MAHLER: Symphony No. 8 – Martina Arroyo, Erna Spoorenberg, Edith Mathis, sop./ Julia Hamari, Norma Procter, altos/ Donald Grobe, ten./ Dietrich Fischer-Dieskau, bar./ Franz Crass, bass/ Eberhard Kraus, organ/Bavarian Radio Sym./Kubelik – Audite

by | Jul 2, 2010 | Classical Reissue Reviews | 0 comments

MAHLER: Symphony No. 8 in E Flat Major – Martina Arroyo, Erna Spoorenberg, Edith Mathis, Soprano/ Julia Hamari, Norma Procter, Alto/ Donald Grobe, Tenor/ Dietrich Fischer-Dieskau, Baritone/ Franz Crass, Bass/ Eberhard Kraus, Organ/Bavarian Radio Symphony Orchestra/ Rafael Kubelik – Audite 95.551, 73:37 [Distr. by: Naxos] ****:

“I have just completed my 8th – it is the greatest I’ve ever done. And so particular in content and form that it is impossible to write about it. – Imagine that the universe starts sounding and ringing. It is no longer human voices but the planets and suns that are circling.” These were the words Mahler wrote on his newly created powerhouse to one of his protégés, Willem Mengelberg, in 1906. In this live performance of Mahler’s Eighth Symphony from Munich on June 24th 1970, Rafael Kubelik and the Bavarian Radio Symphony Orchestra (BRSO) attest to this Mahlerian vision through a combination of technical command and musical coherency.

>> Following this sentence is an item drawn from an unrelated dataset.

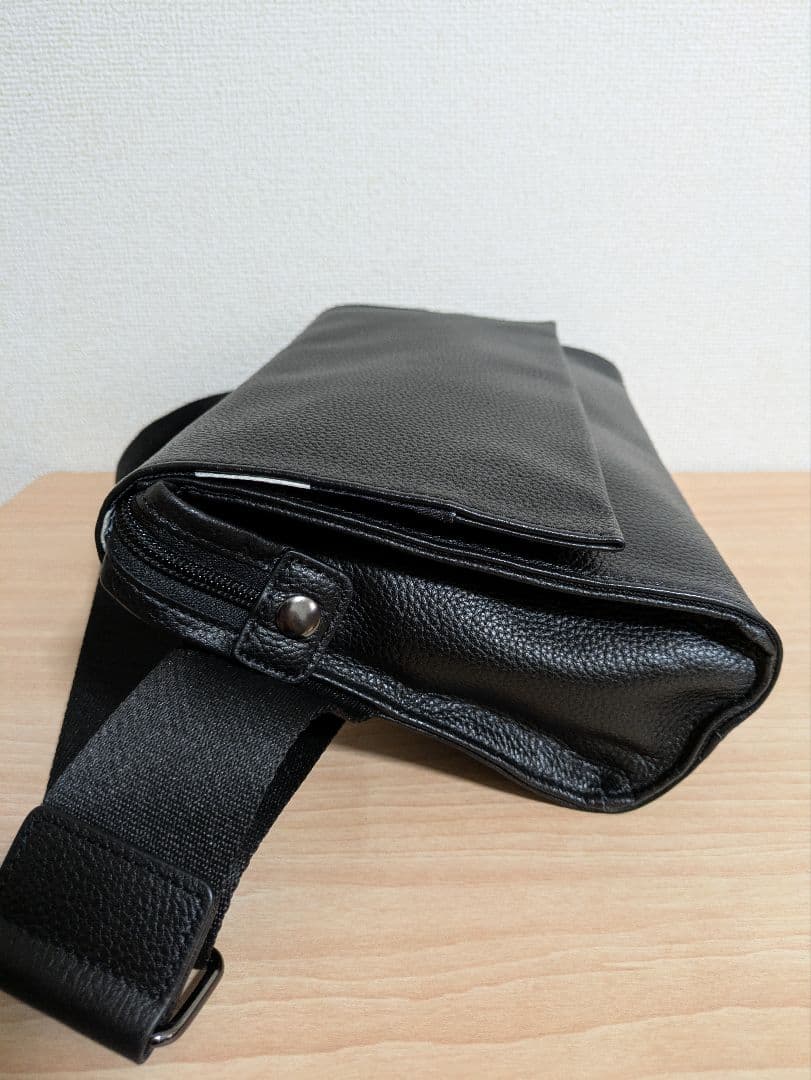 イアパピヨネ　ワイドテープショルダーバッグ　ブラック　黒　レザー　本革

Kubelik takes Part 1 of this work on a rather fast pace. Along with the live performances from Bernstein (1962, Sony), Gergiev (2008, LSO Live) and the studio performance of Bertini (1991, EMI), his is one of the selected few who takes this section under 22 minutes. The tonal E Flat chord from Eberhard Kraus on the organ gave a platform to the mighty proclamation introduced by the forces of the vocal choruses and soloists. Together with the instrumentalists, they add to weight the text’s spiritual profundity.
Part I is often viewed as a mass-oratorio, and the choral expertise of these soloists (especially with Edith Mathis and Dietrich Fischer-Dieskau) and those of Rafael Kubelik’s craftsmanship of delivering an emphatic invocation to the spirit of the Creator that paves the soft cantabile that presents the vocalists with soft tranquility is particularly uplifting. Although one may feel that the final “Gloria Patri Domino” sounds restrained from a full rejoice, the projection by the vocalists and unison of the orchestra and Kraus in accelerated tempo does appeal as to bring this “crowning apotheosis” onto a new dimension of this finite universe.

Part II is set to poetry on Goethe’s “Faust,” and has been dubbed as Mahler’s closest rendition to an operatic composition that he never realized in his lifetime. Here, the soloists each take on a different personality: Arroyo as Magna peccatrix, Spoorenberg as Mater gloriosa, Mathis as Una poenitentium (Gretchen), Hamari as Mulier Samaritana, Procter as Maria Aegyptiaca, Grober as Doctor Marianus, Fischer-Dieskau as Pater ecstaticus, and Crass as Pater profundus. In this Part, Donald Grobe and the Erna Spoorenberg each give ethereal demonstrations in their roles, with poignant sensitivity and a powerful grip to the lasting emotions from the score. Somewhat disappointing is the final segment of this 52-minute section, where one of the sopranos misses the mark in a high note. This aside, Kubelik together with the musicians of the BRSO  provide sympathetic accompaniment throughout, and in the final last minute, they over-triumph the human voices with their gigantic ending like thunders descended from the heavens.

Excellent notes from Erich Mauermann accompanies this Audite disc, made available from the archives of the Bavarian Radio.